=== Data shown ===
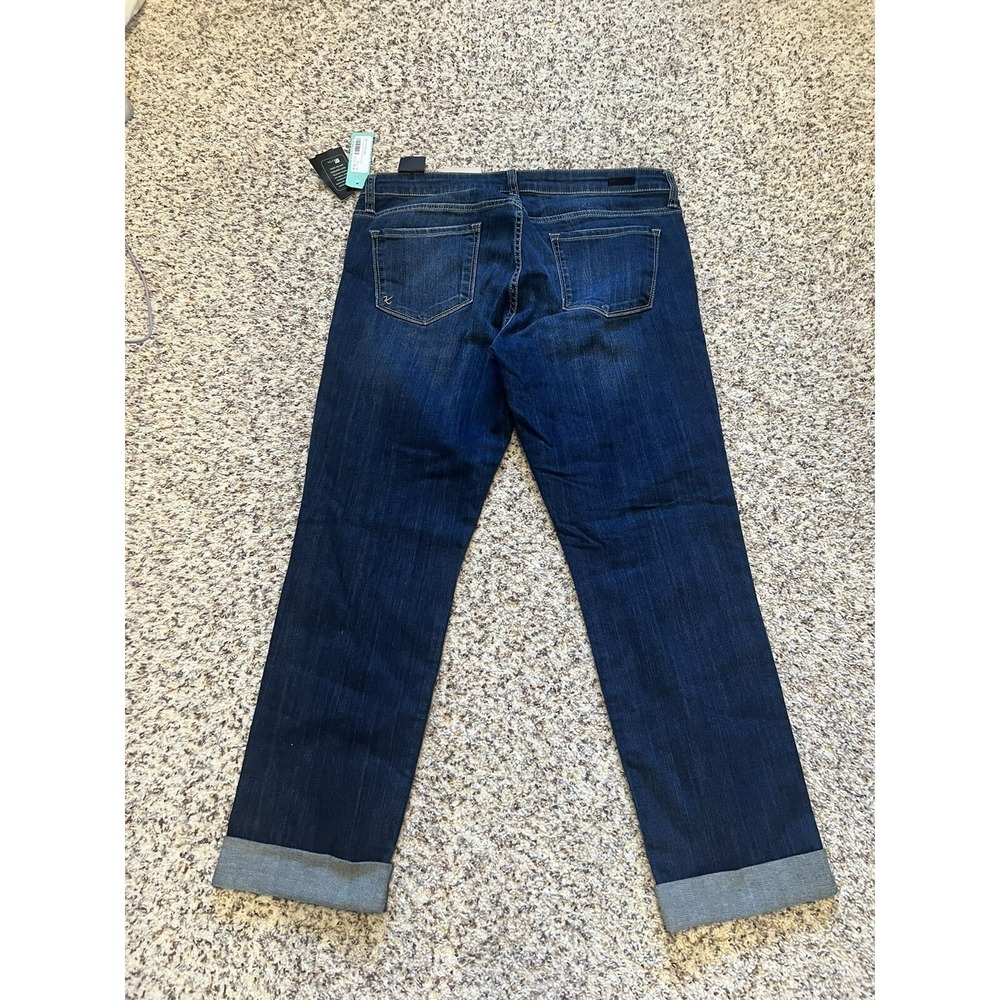 Kut From The Kloth New Cropped Womens Jeans Sz 12 Cuffed Blue Stretch Low Rise - Picture 3 of 10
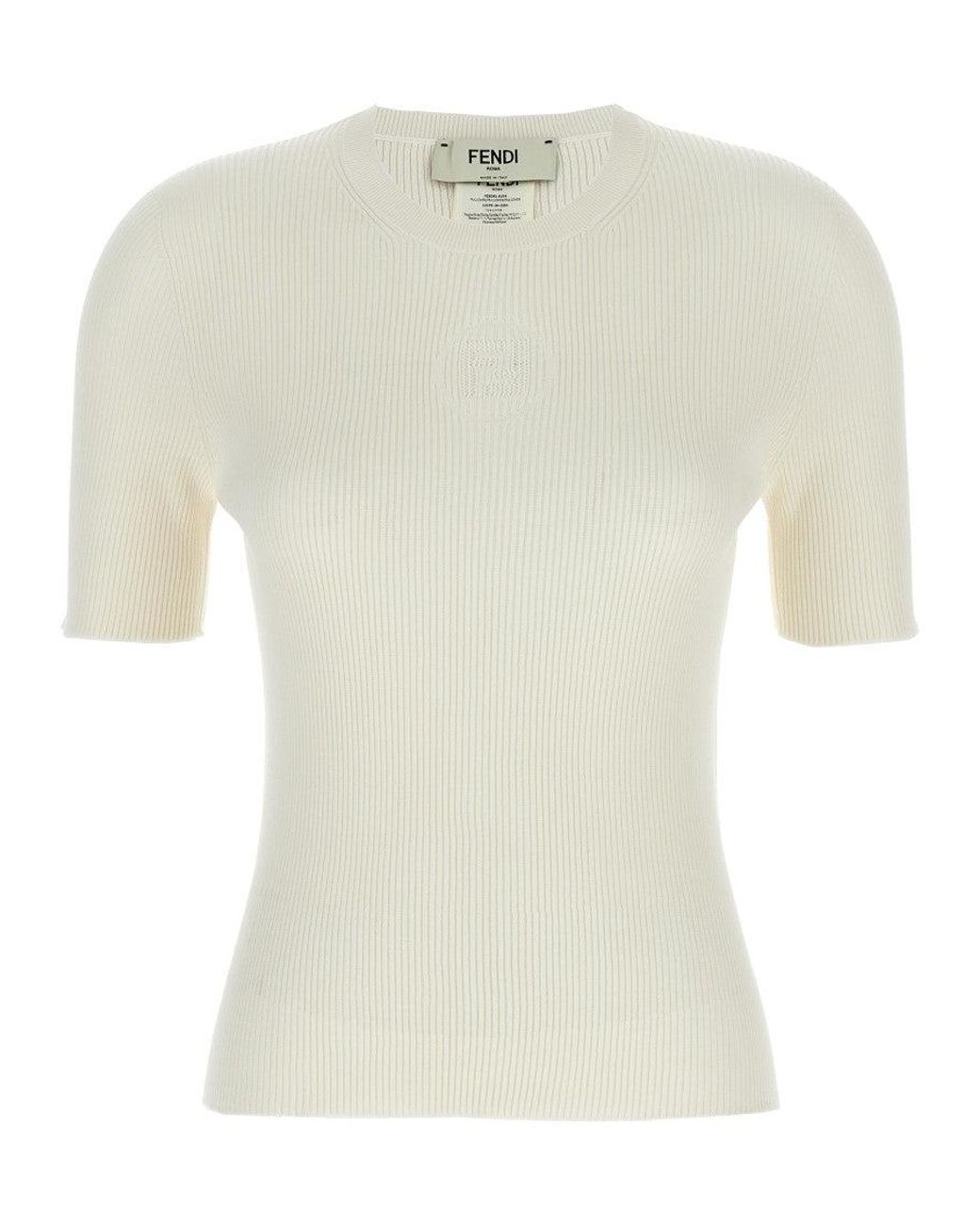 Fendi White Dévoré Logo Sweater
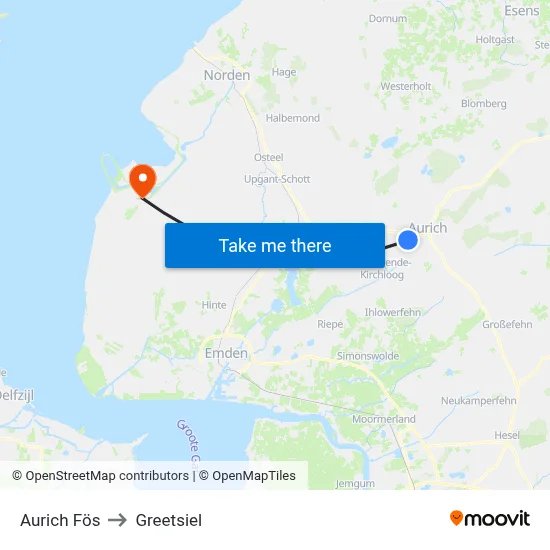 Aurich Fös to Greetsiel map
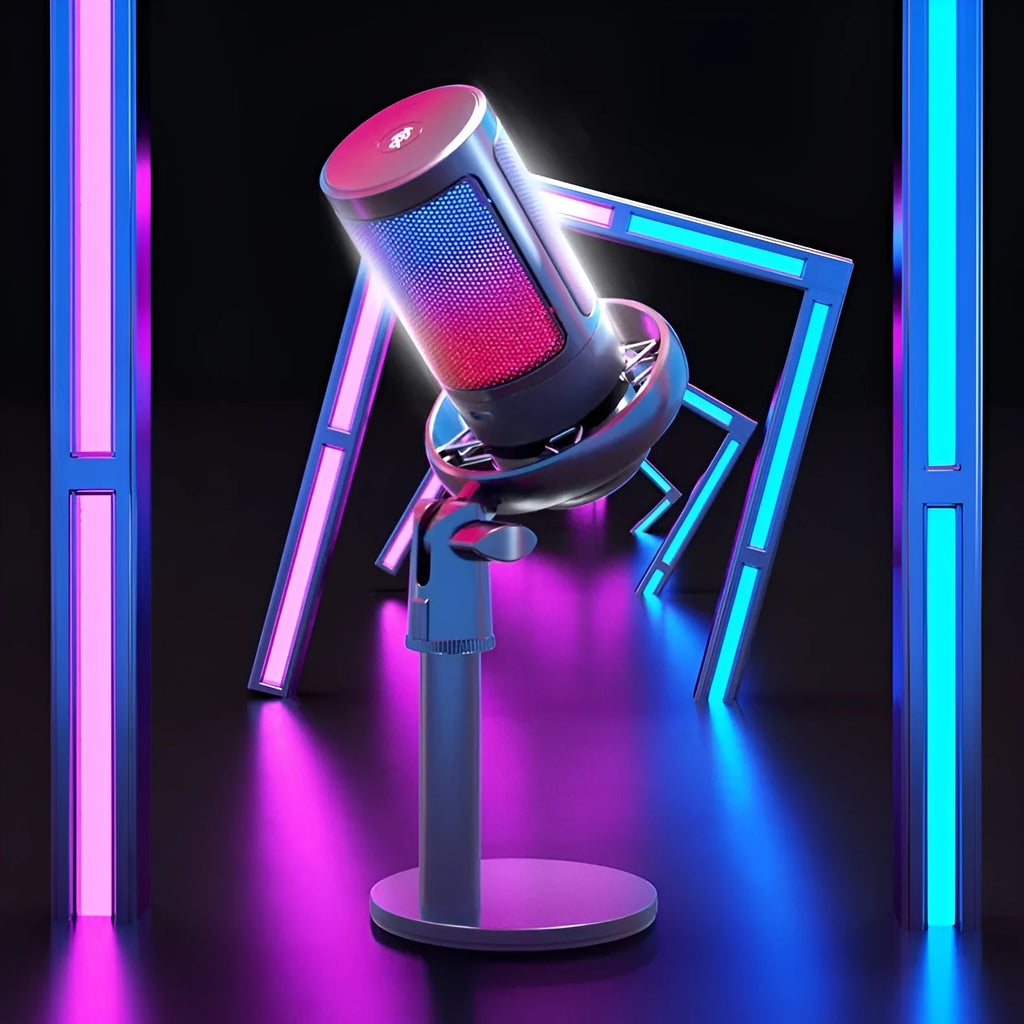 Colourful USB condenser microphone with LED lighting effects and anti-spray mesh option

=== Task item ===
Word for word, repeat the data above with the pictures left out.

=== Task output ===
 Kut From The Kloth New Cropped Womens Jeans Sz 12 Cuffed Blue Stretch Low Rise - Picture 3 of 10
 Fendi White Dévoré Logo Sweater
 Aurich Fös to Greetsiel map
 Colourful USB condenser microphone with LED lighting effects and anti-spray mesh option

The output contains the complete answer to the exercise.